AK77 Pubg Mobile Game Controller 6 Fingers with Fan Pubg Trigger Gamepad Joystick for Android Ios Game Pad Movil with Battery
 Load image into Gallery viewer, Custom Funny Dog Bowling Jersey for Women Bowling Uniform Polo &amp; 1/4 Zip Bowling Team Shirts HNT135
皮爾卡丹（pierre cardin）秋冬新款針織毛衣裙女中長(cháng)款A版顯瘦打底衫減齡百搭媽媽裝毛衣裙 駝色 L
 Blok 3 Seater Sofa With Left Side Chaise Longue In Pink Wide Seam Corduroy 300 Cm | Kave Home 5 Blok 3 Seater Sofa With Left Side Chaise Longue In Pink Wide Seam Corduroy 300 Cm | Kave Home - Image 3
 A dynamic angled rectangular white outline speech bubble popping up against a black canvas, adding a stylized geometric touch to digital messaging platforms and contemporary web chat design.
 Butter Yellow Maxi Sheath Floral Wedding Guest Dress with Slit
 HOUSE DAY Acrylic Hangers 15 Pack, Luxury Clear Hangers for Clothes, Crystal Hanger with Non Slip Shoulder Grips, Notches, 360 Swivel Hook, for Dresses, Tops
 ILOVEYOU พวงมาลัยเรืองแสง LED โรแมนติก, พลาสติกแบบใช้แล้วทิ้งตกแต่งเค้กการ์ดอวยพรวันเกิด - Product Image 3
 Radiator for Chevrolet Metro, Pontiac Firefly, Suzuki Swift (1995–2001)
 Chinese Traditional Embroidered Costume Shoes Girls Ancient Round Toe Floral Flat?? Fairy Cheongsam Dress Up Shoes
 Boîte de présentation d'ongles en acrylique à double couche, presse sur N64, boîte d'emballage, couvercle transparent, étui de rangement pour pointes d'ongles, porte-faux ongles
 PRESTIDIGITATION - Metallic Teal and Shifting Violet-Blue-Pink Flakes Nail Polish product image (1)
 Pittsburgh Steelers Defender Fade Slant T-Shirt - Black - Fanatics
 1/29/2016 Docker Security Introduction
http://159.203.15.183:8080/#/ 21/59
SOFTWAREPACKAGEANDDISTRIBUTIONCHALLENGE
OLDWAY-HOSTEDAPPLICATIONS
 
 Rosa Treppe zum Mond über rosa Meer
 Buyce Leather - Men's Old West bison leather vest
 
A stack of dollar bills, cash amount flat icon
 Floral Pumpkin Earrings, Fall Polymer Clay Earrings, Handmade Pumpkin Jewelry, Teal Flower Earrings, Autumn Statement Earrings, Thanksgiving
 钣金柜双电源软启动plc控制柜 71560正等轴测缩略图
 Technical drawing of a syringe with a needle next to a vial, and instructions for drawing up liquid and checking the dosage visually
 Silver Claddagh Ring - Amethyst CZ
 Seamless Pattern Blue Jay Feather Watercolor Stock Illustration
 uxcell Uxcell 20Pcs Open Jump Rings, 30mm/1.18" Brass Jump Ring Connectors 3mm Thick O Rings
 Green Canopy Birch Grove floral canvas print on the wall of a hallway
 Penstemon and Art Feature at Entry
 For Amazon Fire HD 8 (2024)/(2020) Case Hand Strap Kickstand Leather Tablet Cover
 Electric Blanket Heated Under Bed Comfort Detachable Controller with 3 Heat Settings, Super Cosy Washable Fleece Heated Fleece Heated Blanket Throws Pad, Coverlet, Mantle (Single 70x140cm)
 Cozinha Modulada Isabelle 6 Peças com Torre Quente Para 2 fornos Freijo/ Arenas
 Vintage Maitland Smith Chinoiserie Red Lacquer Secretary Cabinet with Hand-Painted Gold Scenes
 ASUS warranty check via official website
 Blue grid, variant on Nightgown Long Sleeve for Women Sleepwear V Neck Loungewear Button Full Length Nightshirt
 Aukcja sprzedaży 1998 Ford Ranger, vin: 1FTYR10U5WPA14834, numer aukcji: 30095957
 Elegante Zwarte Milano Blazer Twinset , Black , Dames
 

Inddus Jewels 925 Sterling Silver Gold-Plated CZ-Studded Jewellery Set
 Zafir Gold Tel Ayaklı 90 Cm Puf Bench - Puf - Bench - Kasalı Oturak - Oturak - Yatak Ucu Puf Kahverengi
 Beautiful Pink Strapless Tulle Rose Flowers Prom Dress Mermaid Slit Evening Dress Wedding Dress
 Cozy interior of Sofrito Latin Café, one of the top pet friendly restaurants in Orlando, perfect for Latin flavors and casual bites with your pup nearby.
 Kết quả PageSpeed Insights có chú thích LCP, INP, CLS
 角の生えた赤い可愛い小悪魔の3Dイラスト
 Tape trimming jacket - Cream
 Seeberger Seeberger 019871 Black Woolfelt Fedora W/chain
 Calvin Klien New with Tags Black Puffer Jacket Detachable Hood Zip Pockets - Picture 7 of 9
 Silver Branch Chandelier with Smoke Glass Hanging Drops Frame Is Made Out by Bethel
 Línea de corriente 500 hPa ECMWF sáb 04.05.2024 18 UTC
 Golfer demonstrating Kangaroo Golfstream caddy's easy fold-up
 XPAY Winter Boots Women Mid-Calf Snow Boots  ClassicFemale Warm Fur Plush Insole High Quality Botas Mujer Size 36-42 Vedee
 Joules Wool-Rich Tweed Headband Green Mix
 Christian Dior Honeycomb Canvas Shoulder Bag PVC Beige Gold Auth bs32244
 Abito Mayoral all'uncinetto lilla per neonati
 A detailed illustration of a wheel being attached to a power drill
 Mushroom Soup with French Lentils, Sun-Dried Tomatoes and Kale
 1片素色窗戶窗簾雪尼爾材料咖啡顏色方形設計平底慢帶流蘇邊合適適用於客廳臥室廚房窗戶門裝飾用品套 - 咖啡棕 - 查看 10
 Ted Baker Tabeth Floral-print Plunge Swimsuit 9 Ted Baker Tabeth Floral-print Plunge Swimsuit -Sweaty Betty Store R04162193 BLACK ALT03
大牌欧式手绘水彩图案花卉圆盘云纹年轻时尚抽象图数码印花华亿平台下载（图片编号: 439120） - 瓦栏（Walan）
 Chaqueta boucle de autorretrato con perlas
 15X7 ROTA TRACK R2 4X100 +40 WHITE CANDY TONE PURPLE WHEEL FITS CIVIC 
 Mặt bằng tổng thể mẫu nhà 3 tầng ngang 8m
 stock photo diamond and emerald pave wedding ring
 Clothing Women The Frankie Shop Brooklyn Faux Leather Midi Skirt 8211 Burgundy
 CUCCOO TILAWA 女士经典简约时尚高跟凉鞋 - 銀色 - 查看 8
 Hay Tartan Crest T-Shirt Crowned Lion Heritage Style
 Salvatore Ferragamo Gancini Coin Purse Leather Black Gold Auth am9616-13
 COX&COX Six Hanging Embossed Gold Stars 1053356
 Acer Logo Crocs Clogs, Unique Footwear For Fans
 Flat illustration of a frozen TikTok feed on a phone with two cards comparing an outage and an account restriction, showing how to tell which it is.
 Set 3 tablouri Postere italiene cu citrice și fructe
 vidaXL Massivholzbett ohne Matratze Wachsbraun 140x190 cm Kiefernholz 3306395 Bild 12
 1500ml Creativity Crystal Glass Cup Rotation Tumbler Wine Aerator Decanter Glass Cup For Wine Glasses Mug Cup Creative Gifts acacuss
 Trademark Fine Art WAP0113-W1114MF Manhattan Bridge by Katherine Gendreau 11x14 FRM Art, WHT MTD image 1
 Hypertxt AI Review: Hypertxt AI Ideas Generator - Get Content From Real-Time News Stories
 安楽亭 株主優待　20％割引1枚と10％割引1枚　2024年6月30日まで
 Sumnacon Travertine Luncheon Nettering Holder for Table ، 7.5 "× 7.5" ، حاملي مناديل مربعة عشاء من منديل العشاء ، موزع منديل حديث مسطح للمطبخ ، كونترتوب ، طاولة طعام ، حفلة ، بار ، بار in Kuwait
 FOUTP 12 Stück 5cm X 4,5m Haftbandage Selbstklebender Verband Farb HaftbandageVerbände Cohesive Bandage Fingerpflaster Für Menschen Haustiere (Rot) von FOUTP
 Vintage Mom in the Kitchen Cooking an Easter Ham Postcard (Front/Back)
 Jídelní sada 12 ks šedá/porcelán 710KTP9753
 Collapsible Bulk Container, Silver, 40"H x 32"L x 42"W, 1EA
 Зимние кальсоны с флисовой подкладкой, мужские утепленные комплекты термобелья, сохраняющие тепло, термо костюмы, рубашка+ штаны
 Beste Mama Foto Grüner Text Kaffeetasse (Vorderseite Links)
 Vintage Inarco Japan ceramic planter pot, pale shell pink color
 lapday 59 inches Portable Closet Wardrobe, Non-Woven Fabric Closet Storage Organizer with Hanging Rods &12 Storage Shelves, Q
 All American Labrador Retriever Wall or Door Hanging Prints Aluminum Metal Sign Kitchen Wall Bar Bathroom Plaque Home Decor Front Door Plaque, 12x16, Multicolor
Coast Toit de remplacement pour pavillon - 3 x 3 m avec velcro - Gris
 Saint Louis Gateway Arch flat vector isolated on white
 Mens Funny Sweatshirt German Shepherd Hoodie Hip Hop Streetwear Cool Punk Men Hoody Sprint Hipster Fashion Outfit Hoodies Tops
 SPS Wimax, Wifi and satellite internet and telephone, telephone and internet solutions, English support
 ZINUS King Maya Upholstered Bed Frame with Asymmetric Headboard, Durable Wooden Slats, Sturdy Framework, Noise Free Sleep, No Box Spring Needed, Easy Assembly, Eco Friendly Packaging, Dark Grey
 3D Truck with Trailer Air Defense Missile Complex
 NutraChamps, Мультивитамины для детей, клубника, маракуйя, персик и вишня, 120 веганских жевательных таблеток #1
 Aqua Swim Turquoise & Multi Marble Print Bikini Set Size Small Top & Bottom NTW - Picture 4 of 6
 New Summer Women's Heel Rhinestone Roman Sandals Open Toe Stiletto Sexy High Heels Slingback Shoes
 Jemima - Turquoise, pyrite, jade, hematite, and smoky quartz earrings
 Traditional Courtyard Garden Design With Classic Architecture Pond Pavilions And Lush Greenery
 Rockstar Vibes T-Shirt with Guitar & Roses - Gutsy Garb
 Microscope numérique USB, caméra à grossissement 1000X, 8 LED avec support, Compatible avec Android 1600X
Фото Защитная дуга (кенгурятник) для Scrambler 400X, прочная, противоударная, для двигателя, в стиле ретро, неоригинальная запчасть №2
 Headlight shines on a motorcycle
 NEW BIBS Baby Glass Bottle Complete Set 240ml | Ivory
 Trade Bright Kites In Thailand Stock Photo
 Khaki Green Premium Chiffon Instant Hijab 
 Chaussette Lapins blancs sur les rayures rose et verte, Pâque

════════════════════

* **Problem to solve**: For the material above, reproduce exactly the lines from the line with "Coast Toit de" to the line with "Mens Funny Sweatshirt", inclusive, and exclude all others.

* **Answer to this exercise**:
Coast Toit de remplacement pour pavillon - 3 x 3 m avec velcro - Gris
 Saint Louis Gateway Arch flat vector isolated on white
 Mens Funny Sweatshirt German Shepherd Hoodie Hip Hop Streetwear Cool Punk Men Hoody Sprint Hipster Fashion Outfit Hoodies Tops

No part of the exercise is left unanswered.